## Brief
Pictures aside, repeat the whole listing word for word.
[Start of section]
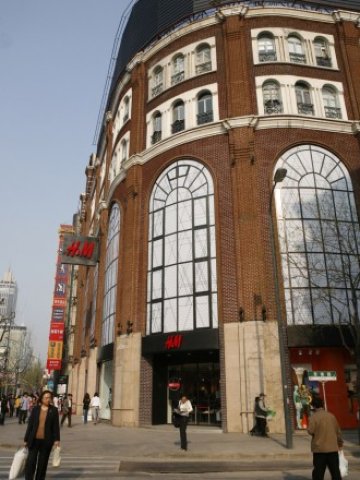 <p>
	<em>Snimka: KEVIN LEE,&nbsp;&copy; Bloomberg</em></p>
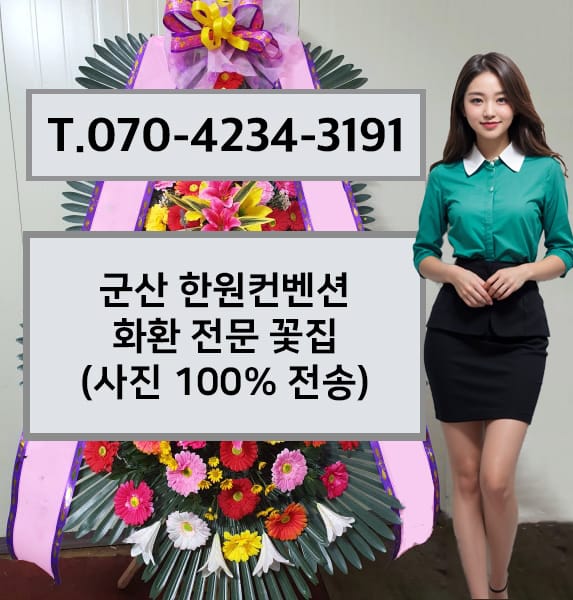 군산 한원컨벤션 축하화환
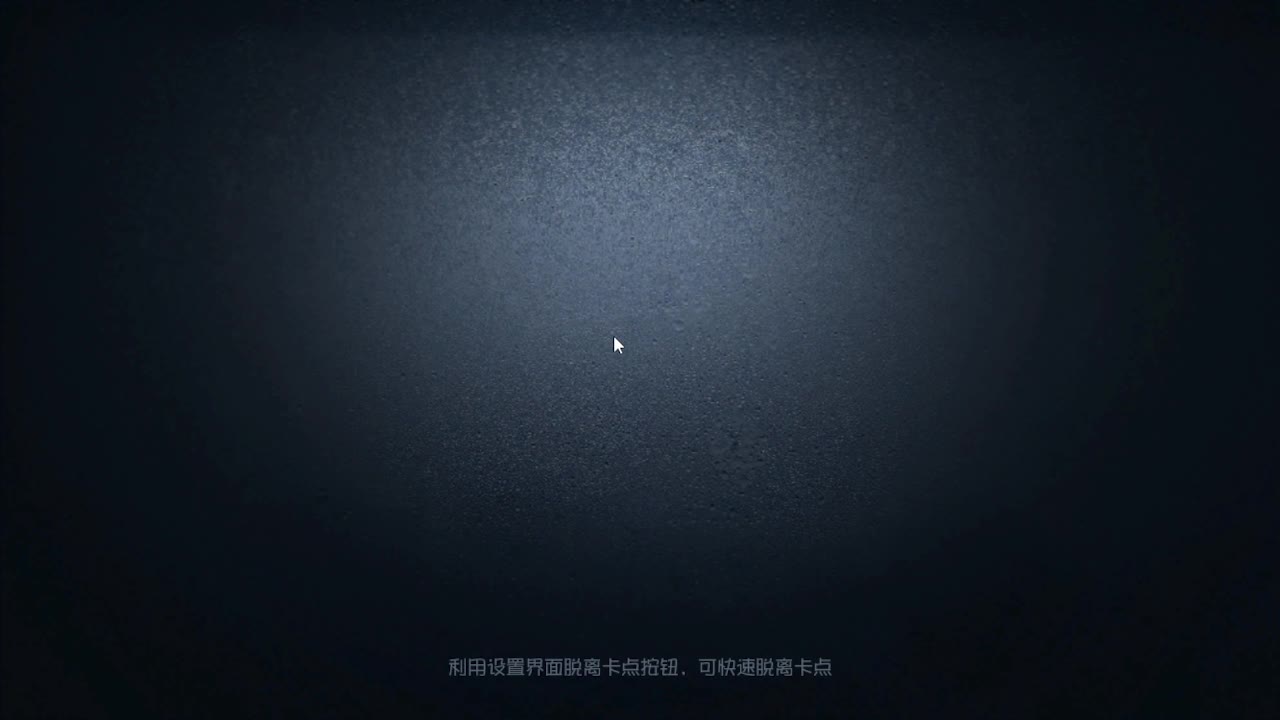 人屠双皇~ 第2段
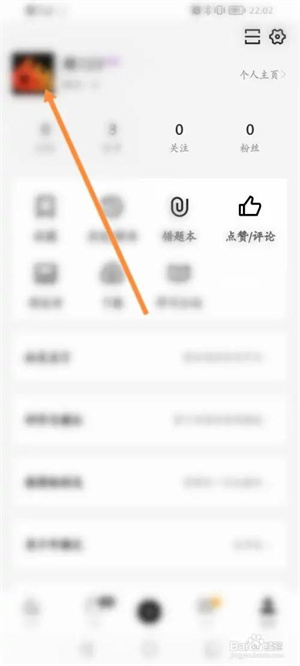 疯狂刷题使用教程截图2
[End of section]
## Your response
 <p>
	<em>Snimka: KEVIN LEE,&nbsp;&copy; Bloomberg</em></p>
 군산 한원컨벤션 축하화환
 人屠双皇~ 第2段
 疯狂刷题使用教程截图2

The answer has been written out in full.